People make a difference.
They force politicians to listen, even adjust…
That’s the beauty of our system.
When people show up.
This past week, Orange County residents and the ACLU gave the board of supervisors a chance to quickly reassess a really bad idea – shooing a homeless encampment with public works crews and tons of boulders – by filing a lawsuit.
Thankfully, supervisors took the chance to reset.
Even though it’s only a week’s rest, the real threat of a lawsuit bought us all some time to think through how best we can make our $6 billion county budget accommodate a few hundred desperate people – who need to be relocated.
A different kind of reset was forced in the business sector, where private sector business people stood up to the board of supervisors – in the name of airport safety – and forced their own blink from the dais.
County supervisors seemed poised last week to abruptly move a low-ranked bidder with political connections into providing airport fuel to private jets at John Wayne Airport.
The incumbent, Signature Air – which was criticized for over-charging private jets on fuel and did change its practices – rallied to its own defense.
Issuing a public complaint through its lawyers to the Federal Aviation Administration, the company argued that supervisors’ actions threatened public safety at the airport. In addition, the executives at the company – who I am told do not contribute to supervisors’ campaign coffers – also turned out their workers to the board of supervisors meeting last week to publicly argue for a reset.
They got it.
I think they are right.
The closed session listing – creating the appearance of legal cover to allow supervisors to talk about this issue privately – is dubious.

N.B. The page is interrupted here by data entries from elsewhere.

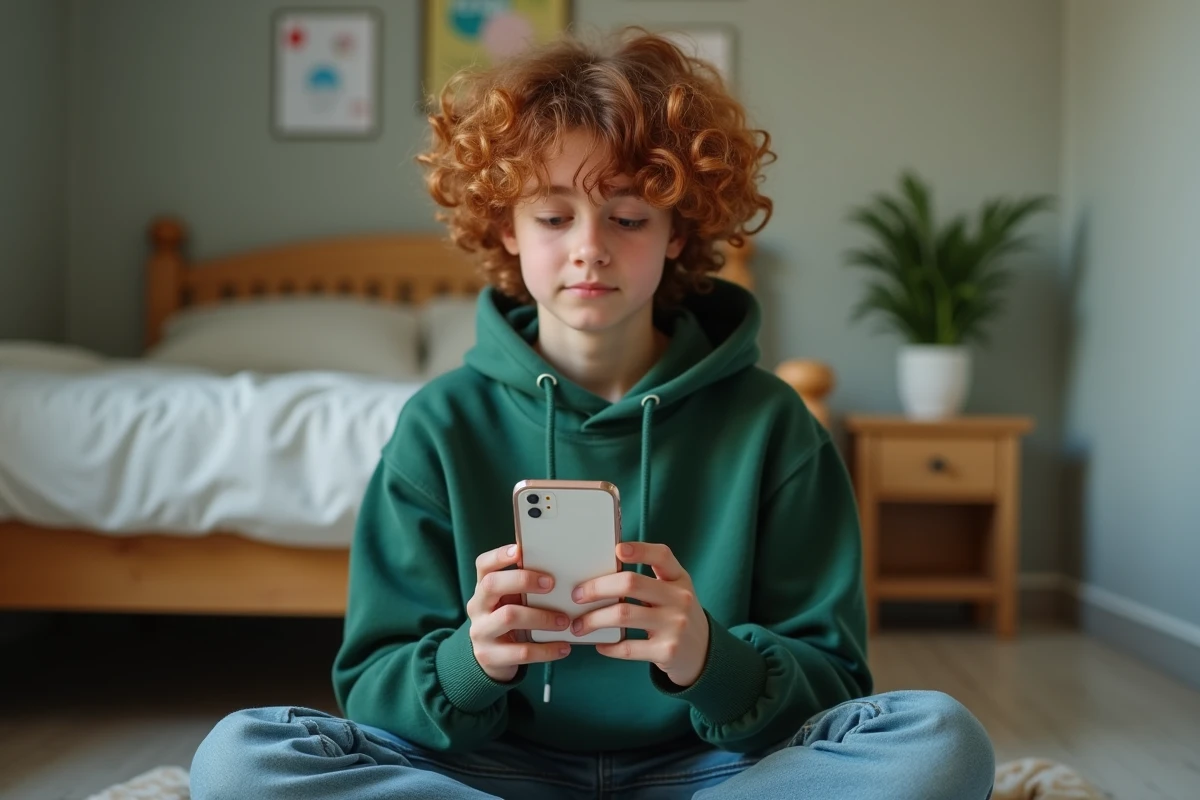Adolescent assis par terre dans sa chambre en train d'explorer la corbeille de son téléphone Android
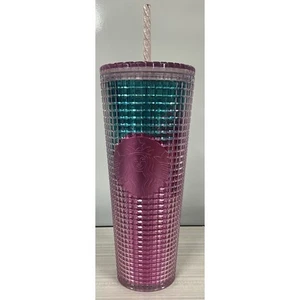 Starbucks Summer 2021 Pink & Blue Ombre Bling 24oz Tumbler Cold up mit Strohhalm - Bild 1 von 5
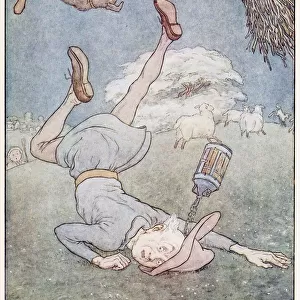 The man in the moon came tumbling down, from A Nursery Rhyme Picture Book, pub. 1914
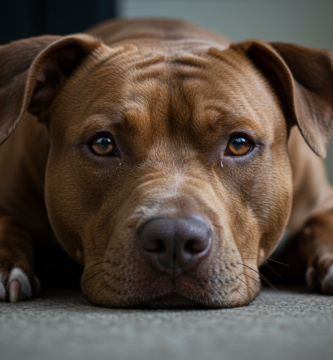 imagen de perro pitbull recostado mirando a la camara con tristeza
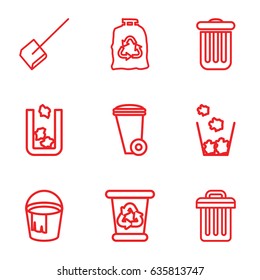 Garbage icons set. set of 9 garbage outline icons such as trash bin, dustpan, recycle bin, bucket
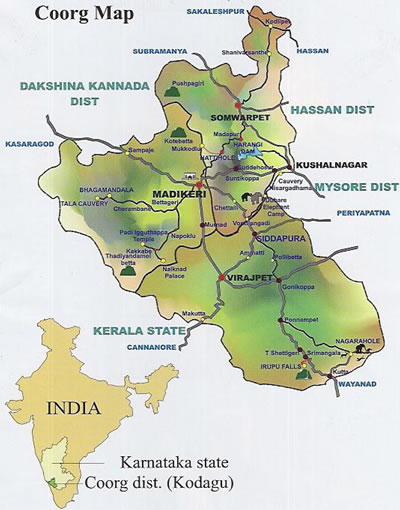tourist map of coorg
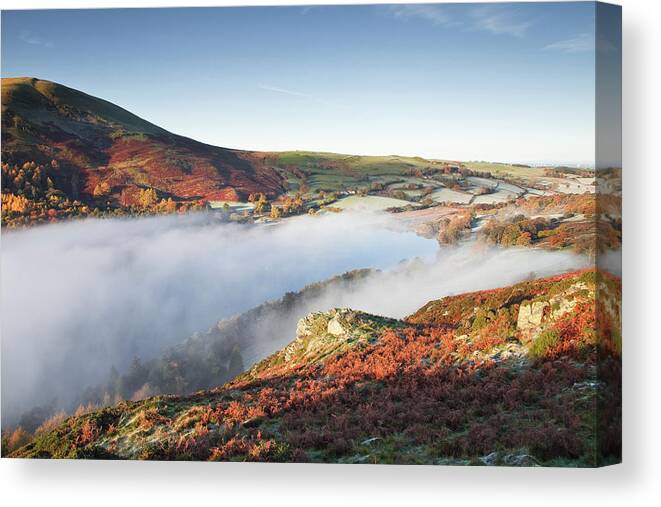 Scenics Canvas Print featuring the photograph Low Mist Over Loweswater In The Lake by Julian Elliott Photography
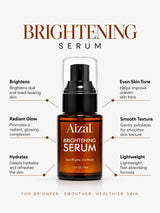 Aizal Brightening Serum bottle displayed against a clean white studio background.
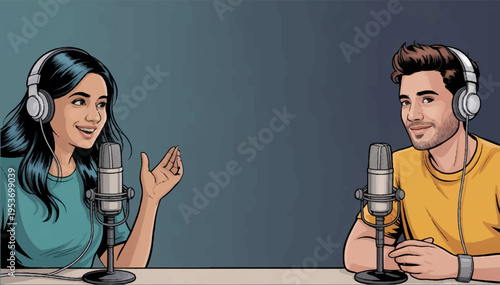 Vector illustration in a cartoon style. A man and a woman wearing headphones and carrying microphones are hosting a podcast in a casual setting.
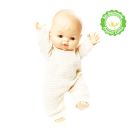 Puppen-Strickstrampler aus 100 % Bio-Baumwolle, ecru, Gr. 28-35 cm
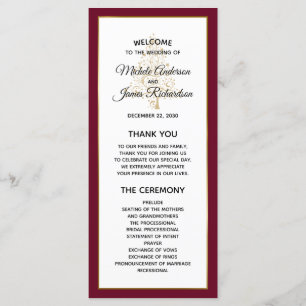 Elegant Burgundy Gold Winter Holiday Wedding Program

To be clear…I don’t care who gets the “lease” or contract to provide airport fuel at John Wayne Airport as long as taxpayers get good value in a manner that is safe and users get the best deal.
Process is what protects us all.
Under state law, supervisors can talk about a public lease in private session but it’s a very, very narrow exemption: only to talk about price and terms of payment of a real property asset.

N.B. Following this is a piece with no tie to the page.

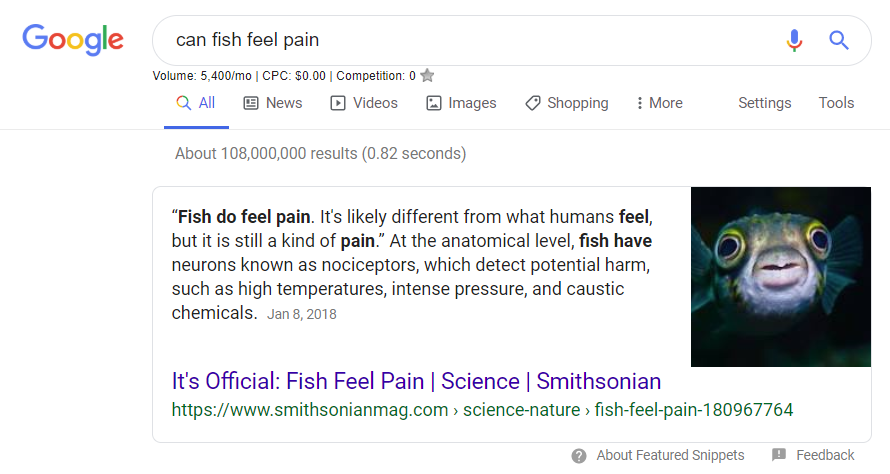 ¿Pueden los peces sentir dolor?
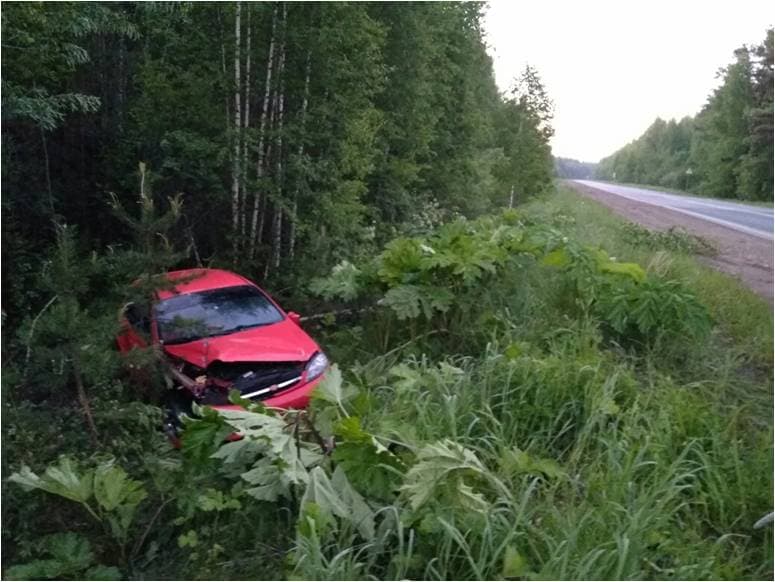 Возле Кирово-Чепецка неуправляемая машина врезалась в дерево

I spoke about this situation with our First Amendment advocacy partners at CalAware and they were also suspicious.
“This sounds like more than a service contract or a license than a lease,” said our Public Records Consultant and CalAware General Counsel Terry Francke. “What real property interest is being bargained for?”

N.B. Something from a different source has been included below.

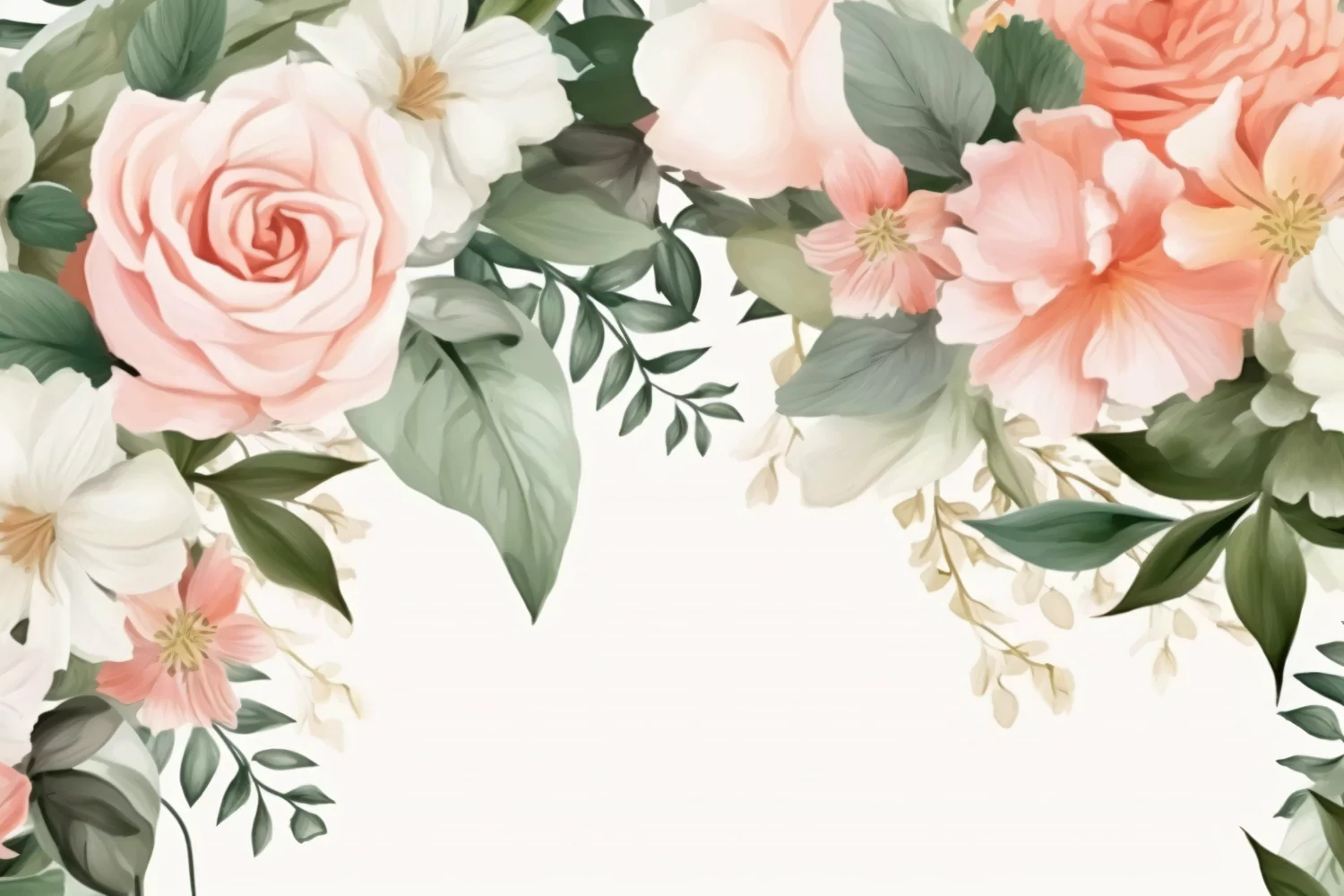 Watercolor Floral Background with Green Leaves on White BG product image 1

As usual, Terry asks great questions.
For those interested in the specific language of California’s Brown Act, here’s the relevant exemption language, which notes “a legislative body of a local agency may hold a closed session with its negotiator prior to the purchase, sale, exchange, or lease of real property by or for the local agency to grant authority to its negotiator regarding the price and terms of payment for the purchase, sale, exchange, or lease.”
I’m not sure how this qualifies for closed session as it’s really a service contract.
If county supervisors want to dump Signature Air, they should do it in public.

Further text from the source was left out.